These two excellent examples could be followed by the rest of those responsible for economic matters.

The Reserve Bank itself needs to publish its reports for each month by the middle of the next month.

That way everyone can see monthly fluctuations in totals of bank deposits, both for Zimbabwe dollars and for foreign currencies, and fluctuations in the quantity of notes and coins in circulation.

The Ministry of Finance and Economic Development should be issuing monthly figures, within a fortnight of the month end, of tax receipts, monthly recurrent spending, monthly capital spending, borrowing and the like.

Monthly current account totals for imports and exports, with main sectors listed for both, would be useful.

Deficits on the current account, or export surpluses, both have their effect on forecasts or analysis of Zimbabwe’s economic health.

What would be really a good idea if all these statistics could be released on the same day as the ZimStat inflation figures.

Along with the publishing in good time of the data the central bank and the finance ministry could also give comment pointing out if set targets were being met or explaining why a target was missed and what remedial action was being taken to get back on track.

Such openness and transparency would not do Zimbabwe a lot of good, allowing everyone to hold the economic managers to account, but would also defeat the conspiracy theorists. They would have so little to chew on.

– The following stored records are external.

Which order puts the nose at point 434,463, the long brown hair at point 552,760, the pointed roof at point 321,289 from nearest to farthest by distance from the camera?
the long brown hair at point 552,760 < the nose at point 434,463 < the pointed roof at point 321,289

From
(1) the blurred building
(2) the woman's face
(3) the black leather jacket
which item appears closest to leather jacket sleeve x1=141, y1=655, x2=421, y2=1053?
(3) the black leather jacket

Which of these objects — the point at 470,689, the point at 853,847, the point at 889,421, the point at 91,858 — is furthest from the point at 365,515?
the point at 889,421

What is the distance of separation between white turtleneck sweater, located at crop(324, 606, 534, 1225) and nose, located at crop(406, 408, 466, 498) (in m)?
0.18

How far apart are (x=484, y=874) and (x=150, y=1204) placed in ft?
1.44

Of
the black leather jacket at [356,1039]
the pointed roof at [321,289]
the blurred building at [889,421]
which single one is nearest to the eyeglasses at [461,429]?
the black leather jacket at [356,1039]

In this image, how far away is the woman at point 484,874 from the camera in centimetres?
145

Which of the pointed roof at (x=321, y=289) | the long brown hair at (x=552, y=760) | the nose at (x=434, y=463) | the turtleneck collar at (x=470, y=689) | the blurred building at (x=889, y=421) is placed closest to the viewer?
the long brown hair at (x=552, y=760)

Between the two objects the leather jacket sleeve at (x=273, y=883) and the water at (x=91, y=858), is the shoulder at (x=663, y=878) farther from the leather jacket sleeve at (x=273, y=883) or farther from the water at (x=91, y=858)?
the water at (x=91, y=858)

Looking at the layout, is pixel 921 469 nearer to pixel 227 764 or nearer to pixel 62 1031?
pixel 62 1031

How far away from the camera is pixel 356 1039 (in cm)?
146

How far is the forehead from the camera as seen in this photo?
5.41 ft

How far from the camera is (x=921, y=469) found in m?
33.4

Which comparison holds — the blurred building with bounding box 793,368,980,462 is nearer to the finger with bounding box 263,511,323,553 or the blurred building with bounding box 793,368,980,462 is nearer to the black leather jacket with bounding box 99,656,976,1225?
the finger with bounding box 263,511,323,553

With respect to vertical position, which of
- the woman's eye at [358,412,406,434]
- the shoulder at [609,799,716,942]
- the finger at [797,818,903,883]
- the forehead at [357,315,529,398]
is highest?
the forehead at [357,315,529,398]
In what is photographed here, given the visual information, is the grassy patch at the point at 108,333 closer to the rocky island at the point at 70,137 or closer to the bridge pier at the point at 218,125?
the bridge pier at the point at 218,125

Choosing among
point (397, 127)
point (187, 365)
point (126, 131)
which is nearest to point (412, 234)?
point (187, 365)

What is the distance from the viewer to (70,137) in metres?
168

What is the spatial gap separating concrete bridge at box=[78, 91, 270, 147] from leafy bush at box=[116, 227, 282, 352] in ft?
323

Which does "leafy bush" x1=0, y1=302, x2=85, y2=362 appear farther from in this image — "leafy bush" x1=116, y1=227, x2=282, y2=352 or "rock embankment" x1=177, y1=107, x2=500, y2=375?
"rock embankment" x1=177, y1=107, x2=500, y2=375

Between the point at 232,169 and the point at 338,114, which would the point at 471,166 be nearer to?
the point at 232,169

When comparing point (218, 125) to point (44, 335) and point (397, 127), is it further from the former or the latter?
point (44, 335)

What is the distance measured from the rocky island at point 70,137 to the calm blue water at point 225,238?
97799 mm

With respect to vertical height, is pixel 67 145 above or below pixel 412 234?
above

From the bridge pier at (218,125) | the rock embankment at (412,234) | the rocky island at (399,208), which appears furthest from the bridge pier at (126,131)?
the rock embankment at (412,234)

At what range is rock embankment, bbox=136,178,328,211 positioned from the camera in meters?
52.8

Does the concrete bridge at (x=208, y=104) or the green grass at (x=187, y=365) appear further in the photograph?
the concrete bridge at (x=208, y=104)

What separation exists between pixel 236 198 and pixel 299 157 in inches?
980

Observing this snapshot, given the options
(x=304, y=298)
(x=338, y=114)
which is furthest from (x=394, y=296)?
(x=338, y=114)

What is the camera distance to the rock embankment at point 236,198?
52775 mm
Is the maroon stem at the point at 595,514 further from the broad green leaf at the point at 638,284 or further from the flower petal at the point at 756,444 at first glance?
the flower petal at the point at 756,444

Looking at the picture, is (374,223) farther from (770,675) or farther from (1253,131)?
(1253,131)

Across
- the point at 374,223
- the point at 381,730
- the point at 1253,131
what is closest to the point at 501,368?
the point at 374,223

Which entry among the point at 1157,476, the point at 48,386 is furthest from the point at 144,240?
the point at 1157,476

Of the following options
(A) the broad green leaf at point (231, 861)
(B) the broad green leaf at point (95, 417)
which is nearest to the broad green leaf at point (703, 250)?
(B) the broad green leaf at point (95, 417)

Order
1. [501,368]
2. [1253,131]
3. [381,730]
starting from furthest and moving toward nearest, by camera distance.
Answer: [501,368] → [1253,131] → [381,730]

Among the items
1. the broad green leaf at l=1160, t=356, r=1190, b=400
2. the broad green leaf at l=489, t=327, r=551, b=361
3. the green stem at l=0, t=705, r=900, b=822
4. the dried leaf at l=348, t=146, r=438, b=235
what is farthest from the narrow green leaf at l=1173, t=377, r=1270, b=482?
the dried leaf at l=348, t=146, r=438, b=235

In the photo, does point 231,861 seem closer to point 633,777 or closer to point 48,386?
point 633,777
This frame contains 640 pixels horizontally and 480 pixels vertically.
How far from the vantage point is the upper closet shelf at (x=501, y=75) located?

Countries undergoing reform that issue good quality and extensive data frequently and on time usually do a lot better in sticking to their reform agenda than those who do not, if for no other reason that the economy’s managers know they are operating under bright lights, often wielded by people who are not their friends, and so make sure they can explain everything and will, in any case when taking action, be mindful that they will soon have their judgment placed under a spotlight.

It is usually better to give too much information than too little, as so many boards of directors have discovered over the decades as they watch their annual reports expand from a few tables to thick bound volumes of tables, notes and explanations.

Their shareholders become less vehement when they are told everything and start understanding the business they are backing a lot better.

On a more minor point, the RBZ could upgrade their press statements and dump the clichés. When the bank needs to correct wrong stories or shoot down daft speculation, and this it must do fairly frequently, it needs to be as sober in language as it is in dress. The culture that insists on dark business suits worn over white or very light blouses or shirts, depending on gender, and collars tied together with sober scarfs or ties, needs to be carried over into language.

Saying a piece of rubbish writing or speculation must be “treated with the contempt it deserves” is less effective than stating the article was wrong and the writer mistaken, or at worst ignorant.

Bank managers in general, and central bankers in particular, should not be showpersons.

But most important, careful, sober and timeous release of data will give the assurance we all seek that those running the bank know what they doing.